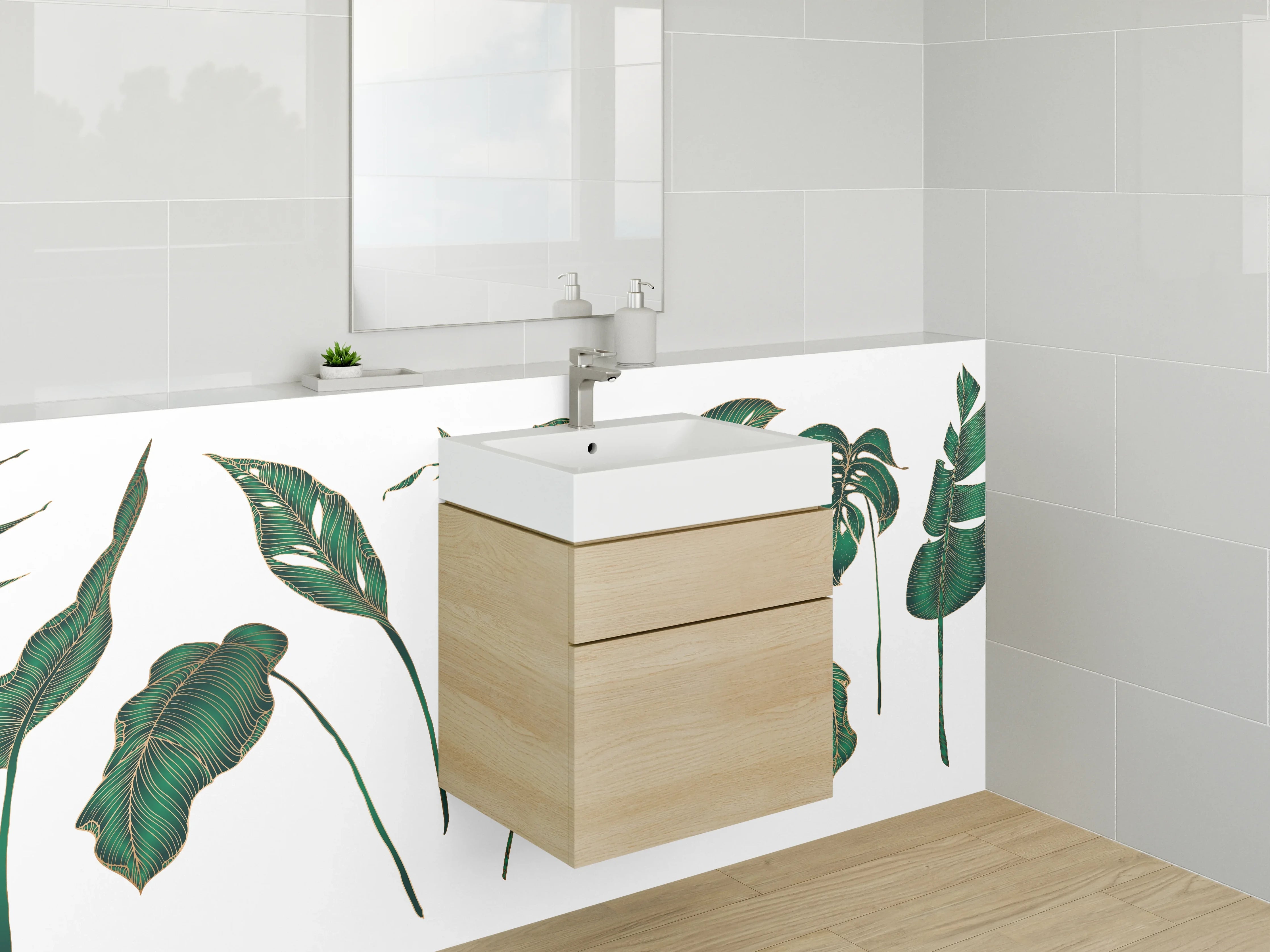 Waschbecken-Rückwand - Tropische Blätter Illustration Dschungelgrün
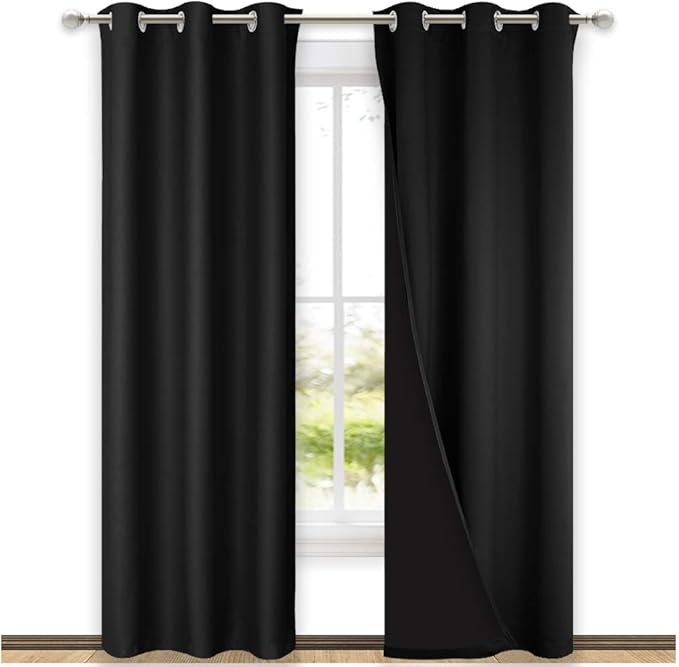 NICETOWN Room Warming Blackout Curtains 80 inches Long, Full Light Blocking
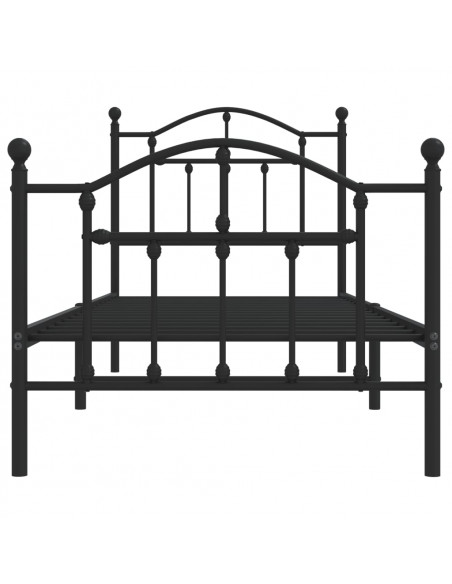 Giroletto con Testiera e Pediera Metallo Nero 80x200 cm
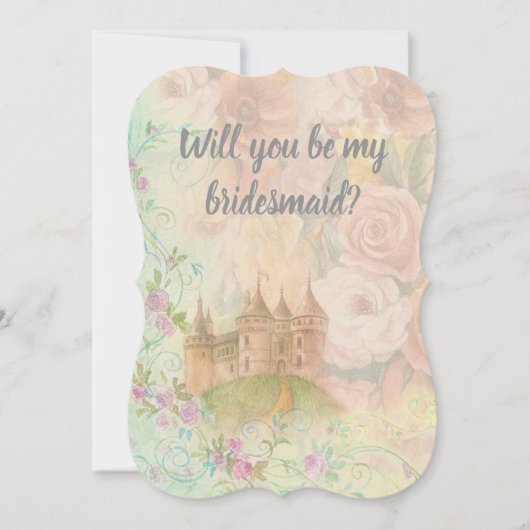 Bridesmaid Fairytale bruiloft Botanisch Kaart (Voorkant)
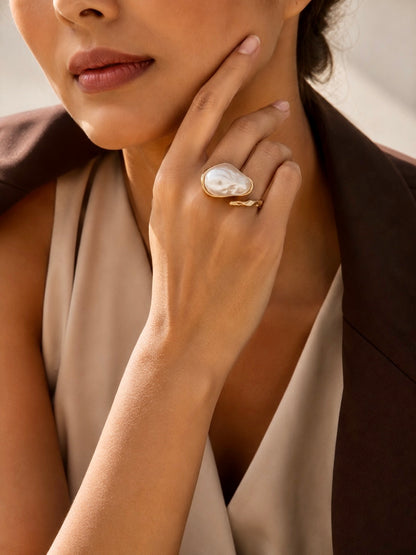Molten Pearl Ring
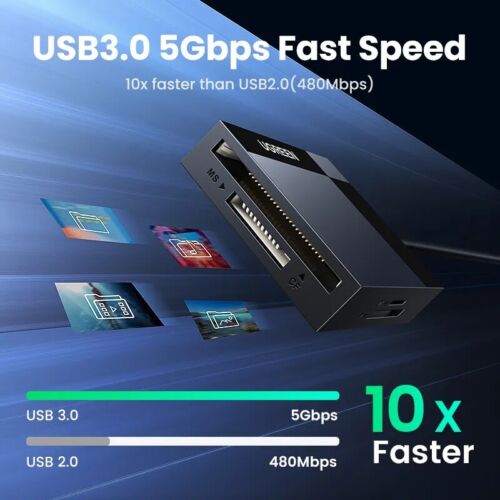 UGREEN Card Reader 4-in-1 USB3.0/USB-C SD Micro SD TF CF Adapter For Laptop PC - Picture 3 of 12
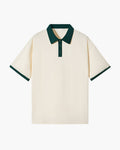Men's Plain Polo Shirt with Contrast Collar and Cuffs - Green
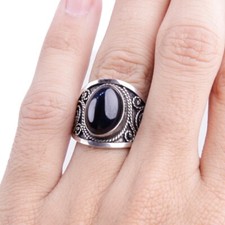 Real Black Onyx Gemstone Ring, Moroccan Ring, 925 Sterling Silver Size 8 US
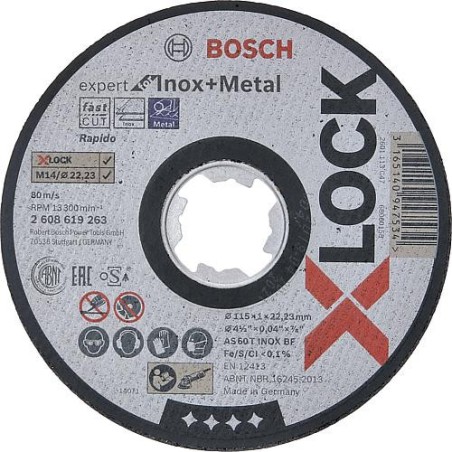 Disque a tronconner BOSCH® pr acier et inox ac insert X - Lock diam. 115 x 1,0 mm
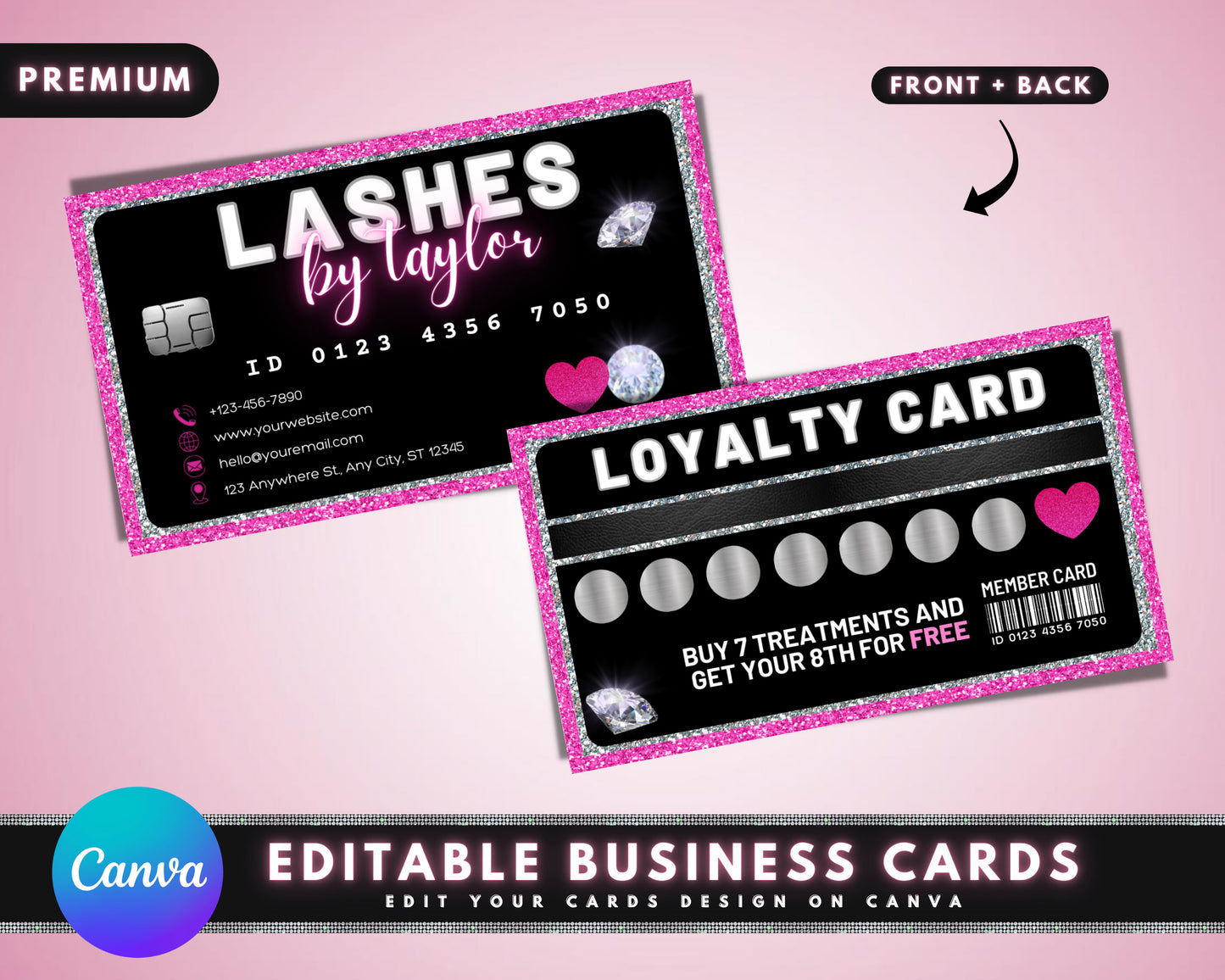 loyalty cards, diy marketing cards template design, lash business card, beauty business cards, customer rewards card, business card template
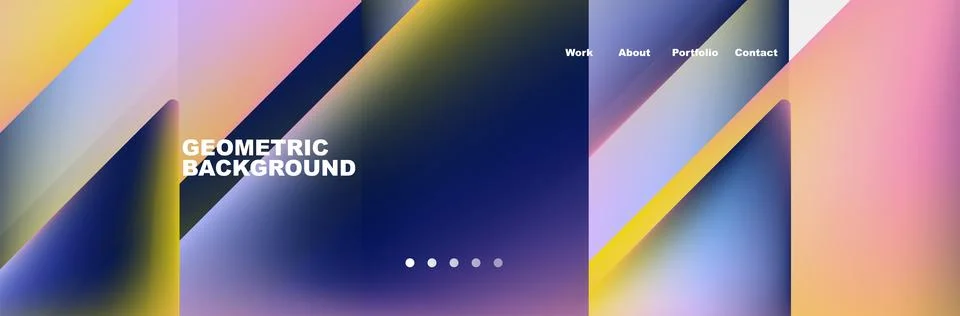 Colorful fluid gradient triangles and squares web site template. Vector Stock Illustration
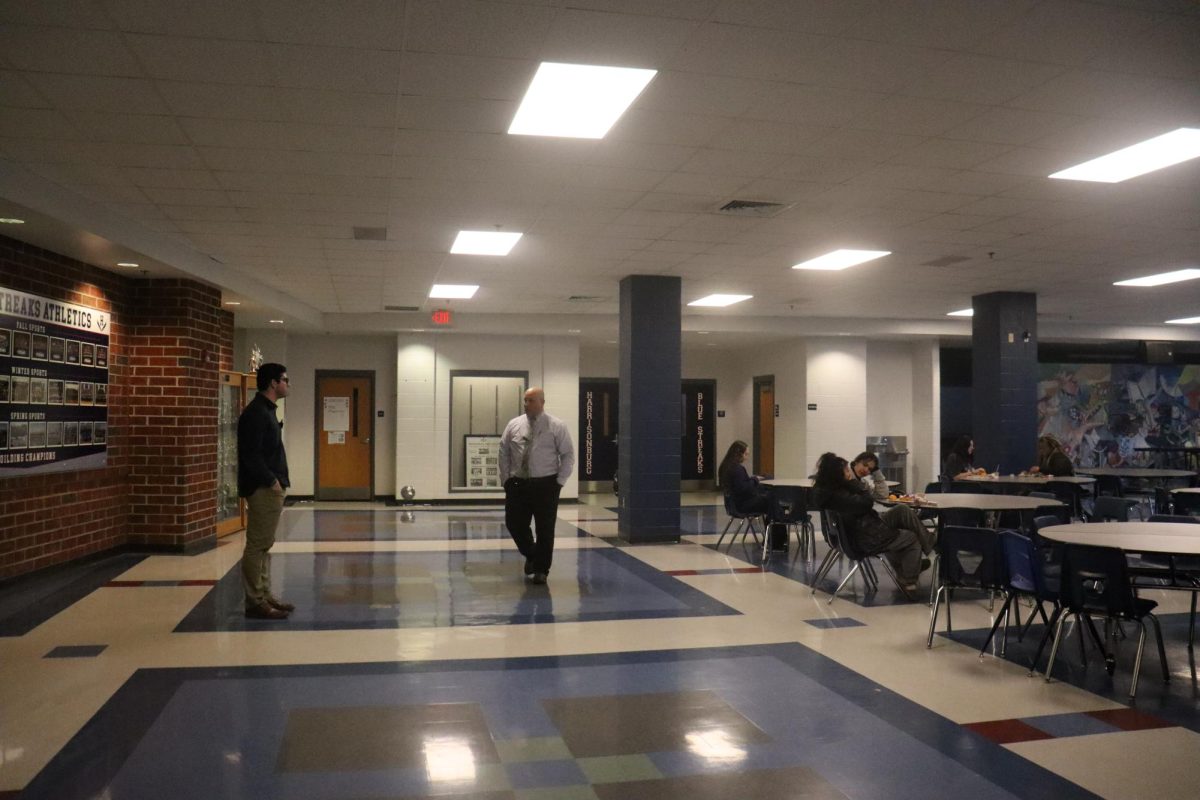 HHS staff on lunch duty, making sure that students are under control..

DIRECTIONS FOR THIS TASK
An exact copy of the material is required, minus the pictures.

WRITTEN ANSWER
 Waschbecken-Rückwand - Tropische Blätter Illustration Dschungelgrün
 NICETOWN Room Warming Blackout Curtains 80 inches Long, Full Light Blocking
 Giroletto con Testiera e Pediera Metallo Nero 80x200 cm
 Bridesmaid Fairytale bruiloft Botanisch Kaart (Voorkant)
Molten Pearl Ring
 UGREEN Card Reader 4-in-1 USB3.0/USB-C SD Micro SD TF CF Adapter For Laptop PC - Picture 3 of 12
Men's Plain Polo Shirt with Contrast Collar and Cuffs - Green
 Real Black Onyx Gemstone Ring, Moroccan Ring, 925 Sterling Silver Size 8 US
 Disque a tronconner BOSCH® pr acier et inox ac insert X - Lock diam. 115 x 1,0 mm
 loyalty cards, diy marketing cards template design, lash business card, beauty business cards, customer rewards card, business card template
 Colorful fluid gradient triangles and squares web site template. Vector Stock Illustration
 HHS staff on lunch duty, making sure that students are under control..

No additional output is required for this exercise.